Wie viele Menschen, deren Führerscheinprüfung schon lange her ist, kannte sie die Regel der Straßenverkehrsordnung nicht mehr, wonach der Zeiger der Scheibe immer auf den Beginn der kommenden halben Stunde gestellt muss, also auf „halb“ oder auf „voll“.

Gelber Zettel an der Windschutzscheibe

Als Nicolai von ihrem Termin zurückkam, fand sie einen gelben Zettel an ihrer Windschutzscheibe, mit dem die Firma Park & Control sie aufgefordert wurde, eine Geldstrafe in Höhe von 30 Euro zu zahlen – obwohl aus der Einstellung ihrer Parkscheibe hervorging, wann sie angekommen war, und dass sie ihr Auto nicht zu lange auf dem Platz abgestellt hatte.

Grundsätzlich ist das Vorgehen legal: Privatunternehmen dürfen zwar kein Ordnungsgeld verhängen, aber eine „Vertragsstrafe“ fordern, wenn sie für Regelverstöße in ihren Vertragsbedingungen festgelegt ist. Auf dem Parkplatz an der Heckgasse werden Kunden durch einen großen Aufdruck auf einem Hinweisschild, darauf hingewiesen, dass eine Parkscheibe ausgelegt werden muss und Parken ohne diese oder ein Überschreiten der zulässigen Zeit 30 Euro kostet.

Das Kleingedruckte lesen!

Wie sie eingestellt werden muss und dass eine Falscheinstellung ebenfalls mit einer Strafe in der gleichen Höhe geahndet wird, steht dort nicht, sondern im ebenfalls öffentlich ausgehangenen Kleingedruckten, das von kaum jemandem gelesen und von vielen versehentlich missachtet wird.

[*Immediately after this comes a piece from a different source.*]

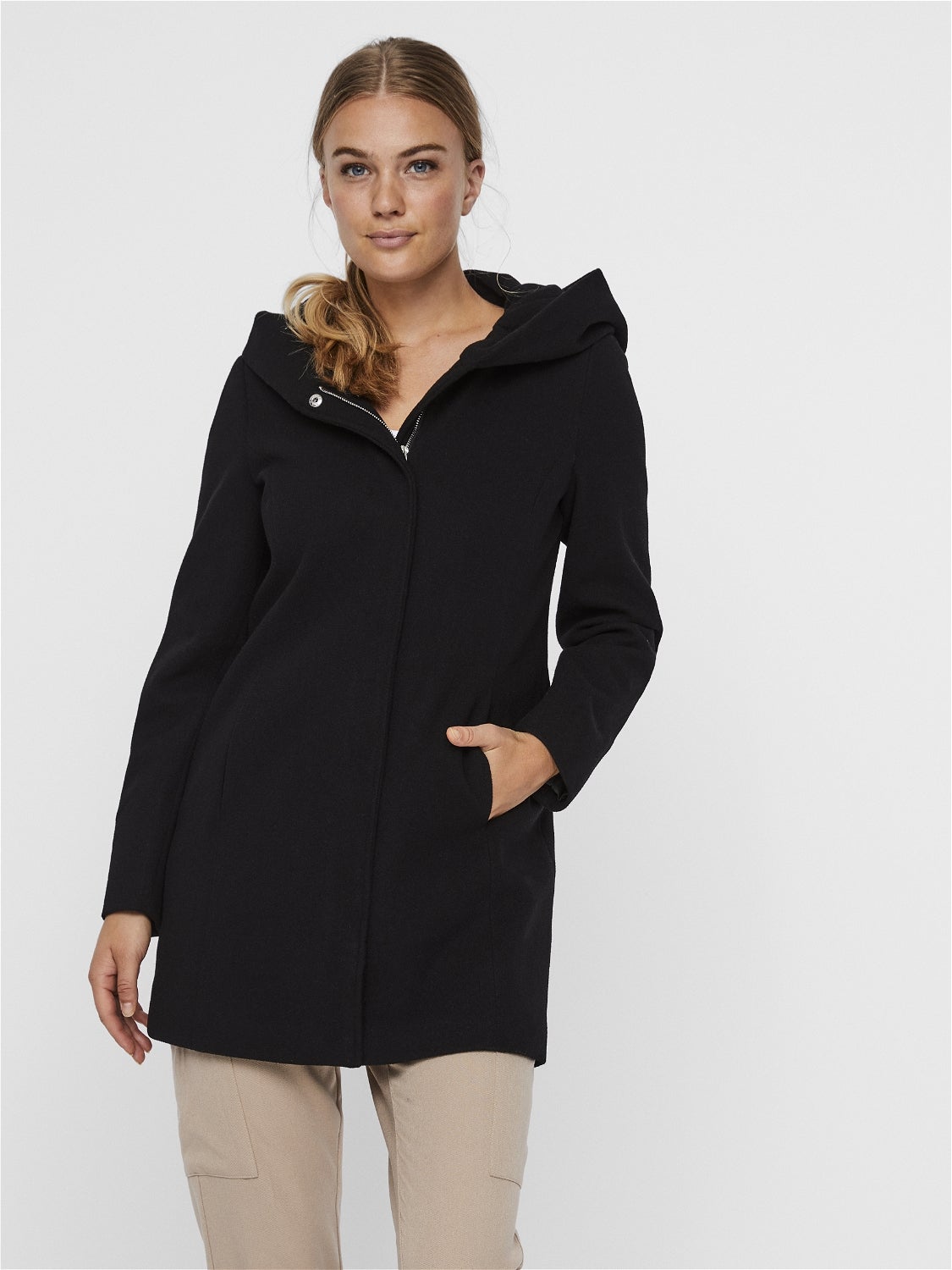 Vero Moda Abrigo con capucha negro look casual Moda Abrigos Abrigos con capucha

Ein Grund, warum die Menschen die Regel zum Einstellen der Parkscheiben nicht mehr im Gedächtnis haben, ist der, dass sie sonst kaum darauf aufmerksam gemacht werden: Supermärkte, die kein Fremdunternehmen mit der Überwachung ihrer Parkplätze beauftragt haben, ahnden die Fehleinstellung in der Regel nicht.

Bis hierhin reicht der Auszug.